Arsene Wenger’s most successful era as Arsenal manager was defined, if not sparked by, one man — Dennis Bergkamp. If you ask any Arsenal supporter over a certain age as to who was the most technically gifted football to have graced the turf of Highbury in modern times, the majority would say Dennis Bergkamp. I consider it to be no coincidence that since Dennis Bergkamp retired in 2006, Arsenal have not won a single trophy. This is not to say Dennis Bergkamp would have kept the success coming into Arsenal as an individual. He was thirty seven years old and retired at the right time. However what has been missing since is the technical skill, grace on the ball and downright God given genius that Dennis Bergkamp provided.
Since 2006, Arsenal have continued to play the type of free flowing, creative, easy on the eye football that has become synonymous with the Arsene Wenger era since he entered English football from Japan in 1996. However there has always, to a degree, been something missing.
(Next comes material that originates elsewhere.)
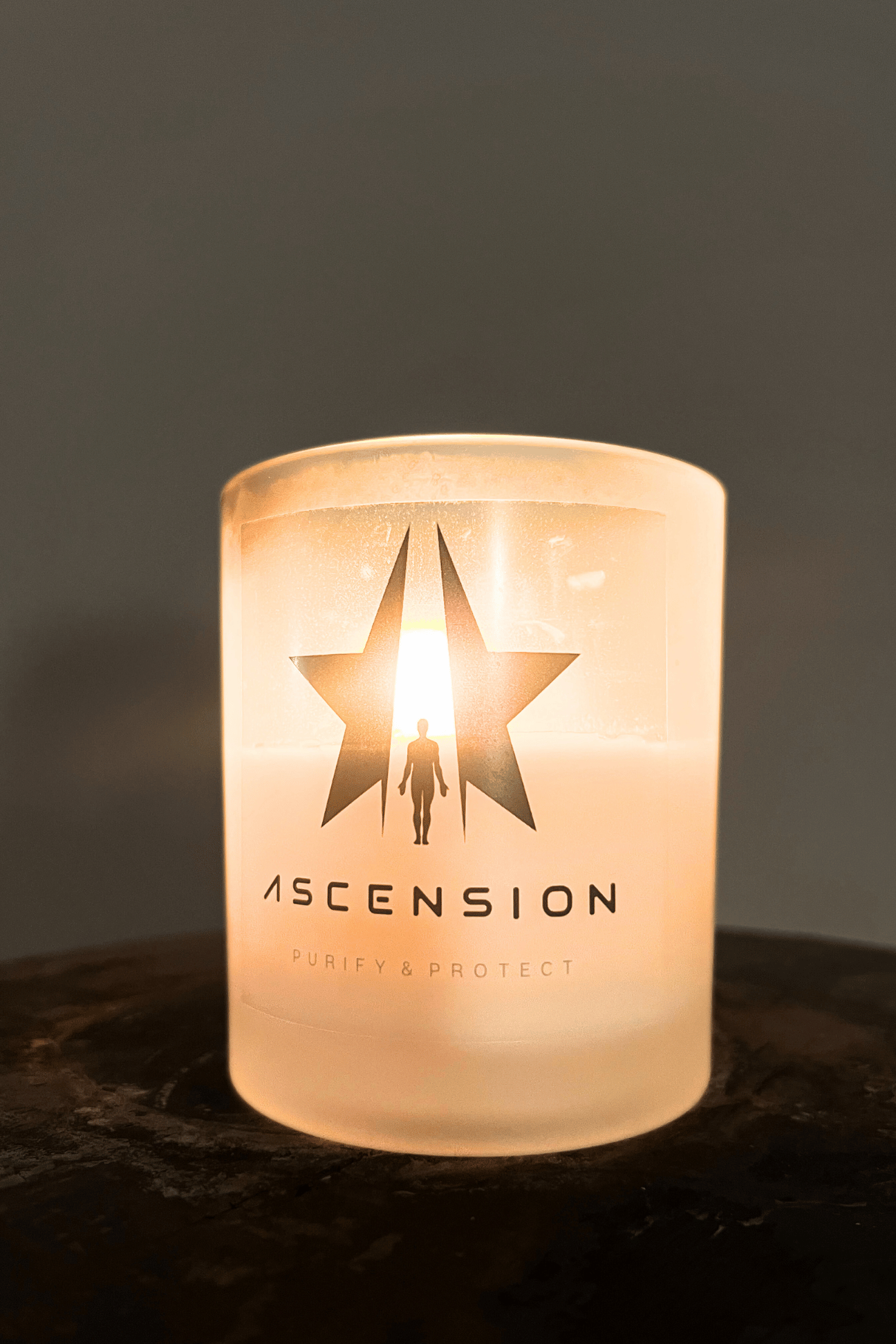 A lit Ascension Candle in a frosted glass holder features a logo with a star and figure, with "Ascension" and "Purify & Protect" printed below. Made from non-carcinogenic soy wax infused with essential oils, it promises a pure and protective ambiance. The Ascension Candle by Galactic Federation of Light offers this experience.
Some attribute this to a lack of a world class striker-cum-playmaker like Thierry Henry, although Robin Van Persie in my mind certainly fell into that mould in his final years at Arsenal. Others suggest it is down to a lack of leadership from midfield, which was given by Patrick Vieira, although once he returns to full fitness on a long term basis there is no reason to think that Jack Wilshere won’t be able to provide the same style of effective leadership from the heart of the midfield.
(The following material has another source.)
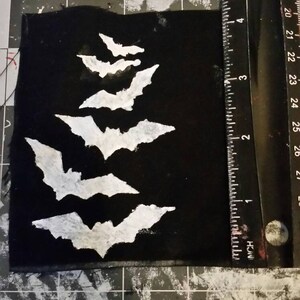 May include: A black fabric patch with five white bats of varying sizes, arranged in a vertical row, with the largest bat at the bottom.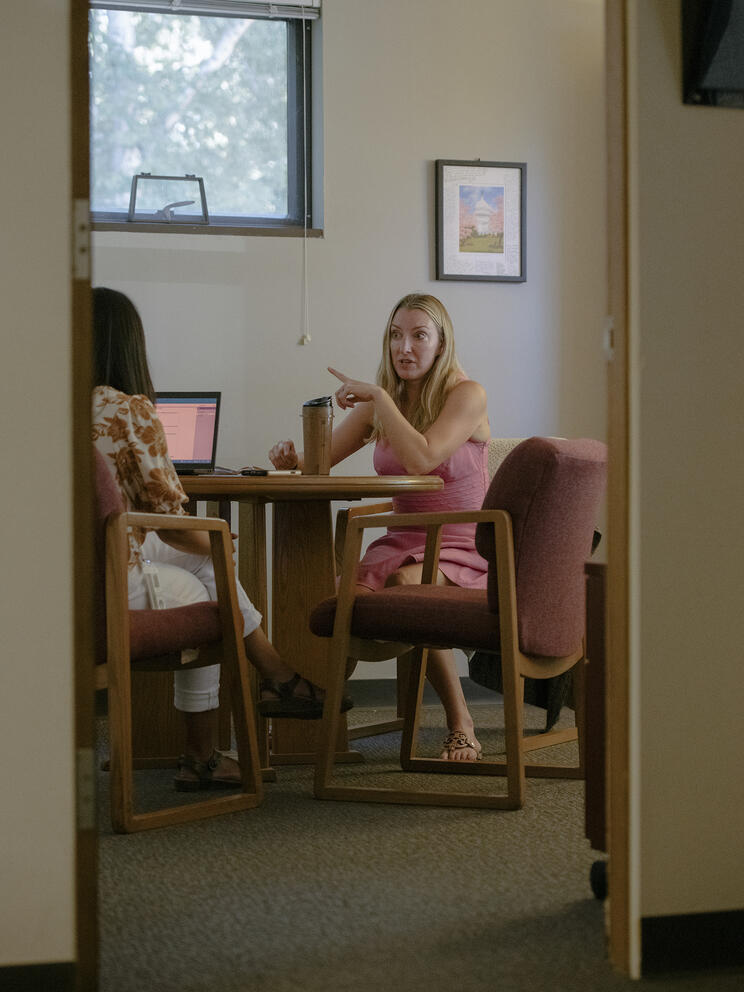 Women seated talking in office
These are both genuinely interesting points that have great weight in their favor. However as I have already mentioned, the lack of a real creative genius — somebody on another level who can make ‘miracles’ happen — has been clearly evident since the departure of Bergkamp. However Arsene Wenger may just have found his man to fill this position.
Mesut Özil has been brought to the Emirates under a cloud of disbelief on two levels. Firstly the Arsenal supporters cannot believe their club has gone out and spent a significant amount of money on a player, smashing their outright fee transfer record of £13million on Sylvain Wiltord way in 2000 by three times as much money, and on the other side Real Madrid supporters and more crucially players can’t believe their club has allowed a player of Özil’s quality to leave the club. You just have to listen to the way some of Real Madrid’s and Barcelona’s players speak of Özil and these are players who can judge quality. Cesc Fabregas intimated that he was “surprised by Özil’s departure” and Real Madrid’s Alvaro Arbeloa revealed when he first heard of Özil’s transfer to Arsenal, he thought it was a practical joke played by somebody.